Любовь важна не как одно из наших чувств, а как перенесение всего нашего жизненного интереса из себя в другое, как перестановка самого центра нашей личной жизни. Это свойственно всякой любви, но половой любви по преимуществу; она отличается от других родов любви и большей интенсивностью, более захватывающим характером, и возможностью более полной и всесторонней взаимности; только эта любовь может вести к действительному и неразрывному соединению двух жизней в одну, только про нее и в слове Божьем сказано: будут два в плоть едину, т.е. станут одним реальным существом.

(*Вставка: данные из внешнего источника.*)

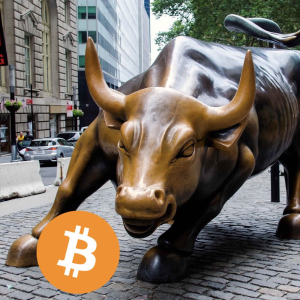 Bitcoin hits $8,000 because “it’s a great hedge against mainstream markets”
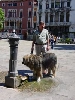 VENÉZIA > Stadtbesichtigung > Gerd mit Farkasch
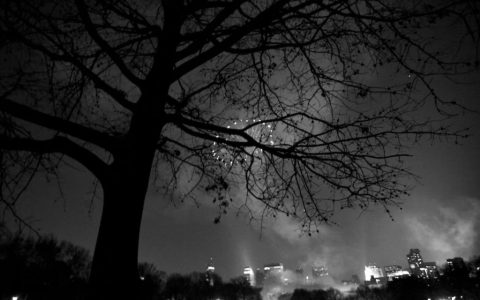 零售商将对话式人工智能和分析功能更贴近用户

Чувство требует такой полноты соединения, внутреннего и окончательного, но дальше этого субъективного требования и стремления дело обыкновенно не идет, да и то оказывается лишь преходящим. На деле вместо поэзии вечного и центрального соединения происходит лишь более или менее продолжительное, но все-таки временное, более или менее тесное, но все-таки внешнее, поверхностное сближение двух ограниченных существ в узких рамках житейской прозы. Предмет любви не сохраняет в действительности того безусловного значения, которое придается ему влюбленной мечтой […]

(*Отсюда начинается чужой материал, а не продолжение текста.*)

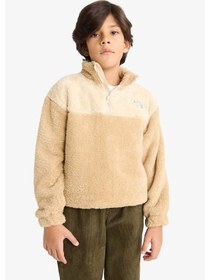Resim Defacto Erkek Çocuk Fermuarlı Yaka Nakışlı Pelüş Sweatshirt G2946a825wnbg360 Bej 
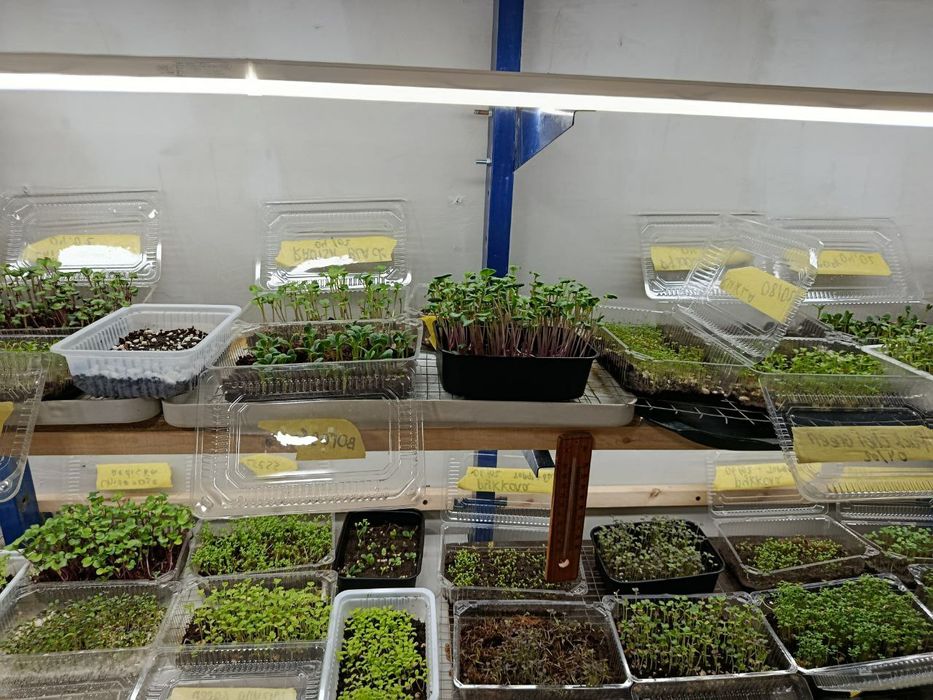 Микрозелин у'стирамиз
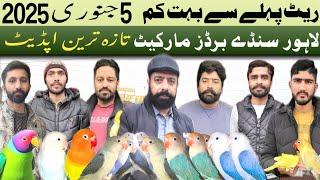 Sunday birds market lahore 2025 | sunday birds market latest update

Совпадение сильной любовной страсти с успешным деторождением есть только случайность, и притом довольно редкая; исторический и ежедневный опыт несомненно показывает, что дети могут быть удачно рождаемы, горячо любимы и прекрасно воспитываемы своими родителями, хотя бы эти последние никогда не были влюблены друг в друга. Следовательно, общественные и всемирные интересы человечества, связанные со сменой поколений, вовсе не требуют высшего пафоса любви. А между тем в жизни индивидуальной этот лучший ее расцвет оказывается пустоцветом. Первоначальная сила любви теряет здесь весь свой смысл, когда ее предмет с высоты безусловного центра увековеченной индивидуальности низводится на степень случайного и легкозаменимого средства для произведения нового, быть может немного лучшего, а быть может немного худшего, но во всяком случае относительного и преходящего поколения людей. Итак, если смотреть только на то, что обыкновенно бывает, на фактический исход любви, то должно признать ее за мечту, временно овладевающую нашим существом и исчезающую, не перейдя ни в какое дело (так как деторождение не есть собственно дело любви). Но, признавая в силу очевидности, что идеальный смысл любви не осуществляется в действительности, должны ли мы признать его неосуществимым? […]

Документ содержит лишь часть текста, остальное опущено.